NAMIC Throws Support Behind Bill to Reaffirm State Regulation of Insurance

The National Association of Mutual Insurance Companies (NAMIC) is supporting a bill first introduced more than 18 months ago to limit the authority of the Consumer Financial Protection Bureau and protect state regulation of the insurance industry.

Rep. Bryan Steil, R-Wis. and Sen. Tim Scott, R-S.C., introduced companion bills in the House and Senate in January 2024. It was first heralded as a bi-partisan bill, with former Sen. Joe Manchin of West Virginia a co-sponsor. The measure, the Business of Insurance Regulatory Reform Act, introduced again this month, has been referred to the Senate’s Committee on Banking, Housing, and Urban Affairs, where Scott sits as chair.

Sen.

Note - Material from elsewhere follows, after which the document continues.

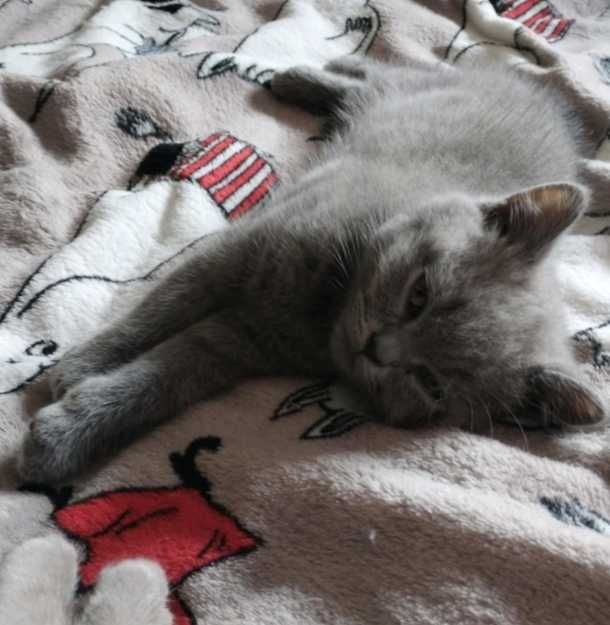 Kocurek Brytyjski niebieski Cat Club Sopot FPL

Tim Scott

The bill “limits the authority of the Consumer Financial Protection Bureau (CFPB) over entities that are regulated by a state insurance regulator.”

“Specifically, the bureau is prohibited from pursuing enforcement against any person regulated by a state insurance regulator and offers a consumer financial product or service, to the extent that the person is engaged in the business of insurance. If a person engaged in the business of insurance is regulated by a state insurance regulator but is otherwise subject to the bureau’s enforcement authority, the bureau must construe its authority narrowly” according to a summary of the bill.

For NAMIC’s Jimi Grande, senior vice president of federal and political affairs, the argument is simple. In a letter to Scott, Grande wrote, “Insurance has been successfully regulated at the state level for over 150 years.”

The CFPB was formed as part of the Dodd-Frank Act in 2010 but has since—according to the bill’s authors and insurance industry lobbying groups—cut in on state-regulated business of insurance, which was excluded from the CFPB’s purview when it was created.

CFPB has “taken concerning actions and threatened to engage on issues that involve products and services” regulated by the states. Grande said language within Dodd-Frank clearly excludes the business of insurance from CFPB’s power, and the “important legislation” makes the point “even more explicit” that CFPB must defer to state regulators when it comes to consumer protection of policyholders.